Между тем, жизнь шла вперед и предъявляла к революционерам все большие и большие требования.

Организованные рабочие завели связи с крестьянами. Пропаганда идей политической свободы усваивалась крестьянами, хотя и с большим трудом. Но все же и в темной крестьянской среде проснулось стремление к свету. Крестьяне настойчиво просили книжек, «где говорится про подати да про землю». Осенью 1901 г. несколько сагитированных крестьян обратились к комитету с предложением распространить 2—3 тысячи брошюр среди крестьянского и казачьего населения Северного Кавказа и Донской области. Распространение предполагалось произвести при помощи остроумного способа. Осенью в этих краях устраиваются громадные ярмарки, которые стягивают к себе крестьян из различных местностей на протяжении 60 — 70 и даже 100 верст. Во время ярмарочной сутолоки стоит разбросать по телегам или просто в толпе брошюрки, — и через день-два они попадут в самые отдаленные уголки. Но комитет был беспомощен, и просьбы, и настояния крестьян, а также желание их оплатить из скудных средств своих стоимость брошюр — не привели ни к чему.

В мае 1901 г. среди шахтеров Александровско-Грушевского района было распространено 200—300 майских прокламаций. На рудниках собирались группы в 50—100 шахтеров, читали вслух прокламации и кричали «ура». Сами шахтеры собрали 8 руб. и послали в Ростов одного рабочего купить еще таких «писем». Но и их желание осталось неудовлетворенным благодаря бессилию комитета.

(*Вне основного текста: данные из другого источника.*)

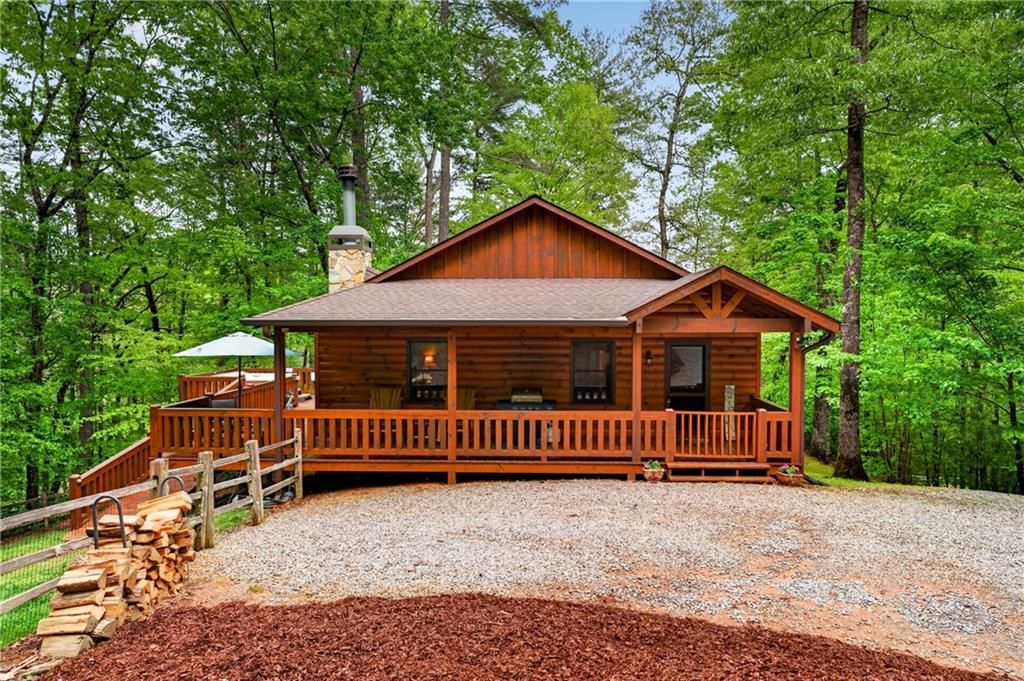 72 S Old Aska Road, Blue Ridge, GA 30513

Разразившийся кризис волновал умы рабочих, порождая естественное желание узнать, отчего и почему их рассчитывают. Самые отсталые и самые передовые рабочие требовали книжки с объяснением того, что такое кризис? По бессильный комитет не только книжки — прокламации не мог выпустить. В течение двух месяцев прокламация писалась и изготовлялась, но в конце концов погибла не изготовленной.

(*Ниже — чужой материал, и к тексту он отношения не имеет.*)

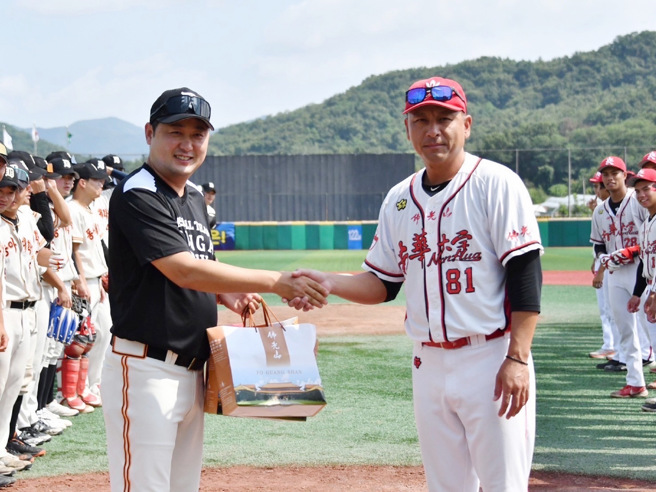 南華大學與延世大學及檀國大學兩所學校簽署體育交流MOU，讓球員們未來有更多國際交流的機會。(照片/南華大學提供)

Через Ростов ежегодно проходят на заработки и возвращаются обратно десятки тысяч сельскохозяйственных рабочих. Здесь они останавливаются и проживают по нескольку дней. Здесь удобнейший пункт для агитации, для распространения нелегальщины, которая будет разнесена за сотни и тысячи верст. Но мог ли, смел ли комитет задаваться такими широкими замыслами?

Это несоответствие между запросами жизни, между уясненными задачами и постыдным бессилием действовало на нас, революционеров, угнетающим образом. Мы чувствовали свою несостоятельность, мы видели, как мы отстали от жизни, мы понимали, что не удовлетворяем ничтожнейшей части необходимой революционной работы. И это сознание было беспросветно тяжело, оно давило нас, как кошмар... В самом деле, что может быть обиднее такого бессилия? Мы назывались руководителями движения только потому, что воочию убеждались, как не умеем мы им руководить...

Другая не менее печальная сторона нашей тогдашней деятельности — это полная оторванность от общероссийского движения, полное незнание того, что происходит в России. Шум революционной борьбы совсем не достигал до нас. Единственной организацией, которая связывала нас с остальным миром, которая нам оказывала кое-какие услуги, которая отвечала на письма, была организация «Южного рабочего». И с этой стороны она заслуживает самой глубокой нашей признательности.
Мы стояли совершенно в стороне от различных течений и направлений в социал-демократии и даже не знали о них. Мы развивались «самобытно» и, по неисповедимым судьбам провидения, мы все же попали на верную дорогу. В то время как в соседних городах кипела борьба направлений и самолюбий, у нас царила вековая тишина, приправленная горечью беспомощности.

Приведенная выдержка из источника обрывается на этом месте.